There's been a lot of talk of multifamily pricing over the last year or so, with a slew of high-profile lawsuits alleging that software is forcing prices upwards across the USA. In a December 2023 newsletter, NMHC did a thorough job of showing how record supply is placing downward pressure on rents.
NMHC's extensive analysis makes it clear that it is supply and demand, not software, that drives pricing across multifamily markets. But that is not the subject of this article (for more details on that, download our recent white paper that explains this subject in depth.) This article uses some operational data (from my friends at Radix) to show how this macro trend (supply) affects the revenue management decisions that individual properties make.
To understand the specific tactics we can see in the market, we must understand the range of conditions that apply across the US multifamily market. We can broadly categorize markets into three different archetypes:
- Low supply and strong demand: Northeastern markets, for example, like New York, have seen relatively little new inventory, and demand remains strong as the market continues its recovery from the pandemic.
- Low supply and soft demand: Some markets, e.g., West Coast, saw a flight from cities during the pandemic, but unlike the Northeast, the recovery of cities has been much slower.
- Oversupply: Many markets, especially where there are low barriers to entry (e.g., the sunbelt) are seeing record new supply, and demand looks like it will take some time to catch up.
Unsurprisingly, the apartment pricing tactics and likely outcomes look quite different in each case.
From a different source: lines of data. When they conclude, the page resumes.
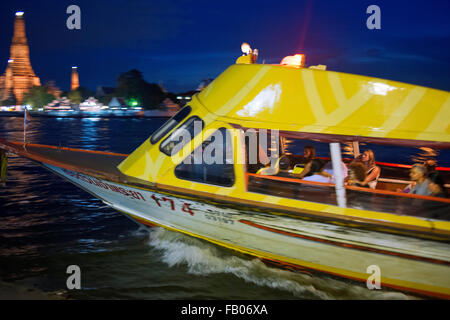 Chao Praya Express Boat at night. Bangkok, Public boat, ferry. Bangkok. Asia.  The Chao Phraya river makes a great way to get ar Stock Photo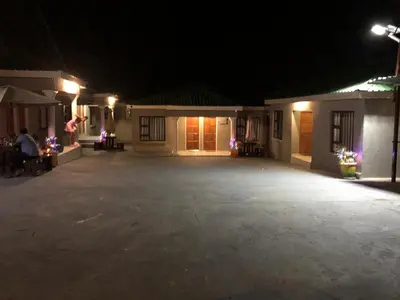 an empty parking lot in front of a house at night at BTV Guesthouse in Hazyview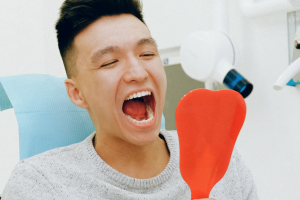 Un ragazzo, seduto su una poltrona di un dentista, si guarda la bocca con uno specchio dopo un trattamento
A good metric for changing supply conditions is the percentage of stock currently under construction in each market. It not only indicates current conditions, but also gives a sense of where things are likely to go in 2024. For this analysis, my friends at Radix provided data for three different cities.
Source: Radix and BuildCentral
The two low-construction examples are Boston and San Francisco, where new construction represents growth of 6% and 7% of the total multifamily inventory, respectively. Nashville, on the other hand, has a whopping 26% of its entire multi-family inventory currently under construction.
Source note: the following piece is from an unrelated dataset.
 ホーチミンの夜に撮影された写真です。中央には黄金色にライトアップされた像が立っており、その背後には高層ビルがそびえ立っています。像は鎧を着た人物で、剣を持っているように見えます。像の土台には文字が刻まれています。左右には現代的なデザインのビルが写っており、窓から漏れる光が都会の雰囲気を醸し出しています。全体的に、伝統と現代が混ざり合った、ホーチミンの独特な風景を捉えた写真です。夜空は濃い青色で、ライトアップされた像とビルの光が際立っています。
Let's look at two important metrics that tell us what that means for pricing in each market. First, let's look at net effective rent—i.e., the actual rent, including discounts and incentives that are usually applied to asking rents.
Source: Radix
Boston is mostly maintaining its net effective rate with only a relatively small decrease over the second half of 2023. Both San Francisco and Nashville saw significant declines over the same period. This trend is thrown into sharp relief when we overlay the average monthly concessions (the financial incentives that communities offer prospective renters to sign a lease).
Below, we see that concessions started to pick up in Nashville through the second half of 2023. It is important to note that the average monthly concessions are for stabilized properties only and do not include lease-ups. Given the huge volume of new inventory in this market, we should view the numbers in the chart as conservative and that concessions will climb for the foreseeable future. San Francisco has also crept up through the same period of the year, whereas Boston has remained relatively flat.
Source: Radix
It is important to note that in all of these markets, companies are using revenue management applications at something approximating the same rate. And yet, the pricing trends are quite different in each market.
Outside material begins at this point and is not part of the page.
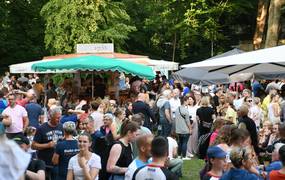 Viele Personen, die auf einer Wieser unter Sonnenschirmen sitzen.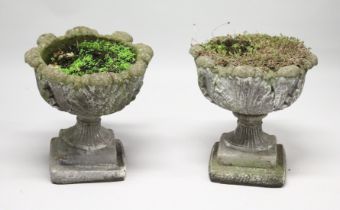 A PAIR OF WEATHERED COMPOSITE GARDEN URNS on pedestal bases. 21ins high x 19 ins diameter.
Boston has little new supply to meet growing demand, so its net effective rents are trending up, and concessions are mostly negligible. Nashville represents the opposite, with a sharp downward trend in effective rents and concessions trending upwards toward pandemic levels. San Francisco's blend of little new supply and stagnant demand means relatively high concessions since the pandemic and declining rents.
As a revenue management advocate, I expect companies doing revenue management well to lose less money this year in markets where demand does not meet supply and make more money where apartments are scarcer. But in all cases, revenue management is trying to make the best of a situation that is fundamentally caused by the marriage of supply to demand.
Revenue management is powerless to cause price increases because the software has no power to control markets—that is the job of supply, as the examples above demonstrate. Prepare for some choppy times in most markets in 2024.